▶ **Problem statement**
Everything in the records below from the line containing "Checking the map on his phone Stock Photos" through the line containing "Tasty cheeseburger with" is to be reproduced exactly, those two lines included; no picture is to be copied.
┌─ Input data
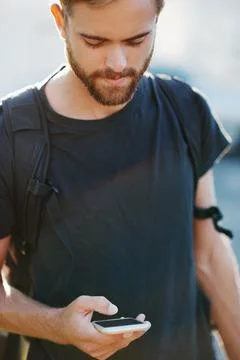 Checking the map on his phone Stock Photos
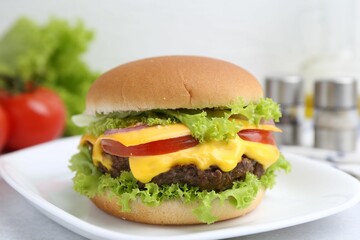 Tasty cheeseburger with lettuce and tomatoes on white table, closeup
└─
┌─ Input data
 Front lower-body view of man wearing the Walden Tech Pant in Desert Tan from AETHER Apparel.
└─
▶ **Your solution**
 Checking the map on his phone Stock Photos
 Tasty cheeseburger with lettuce and tomatoes on white table, closeup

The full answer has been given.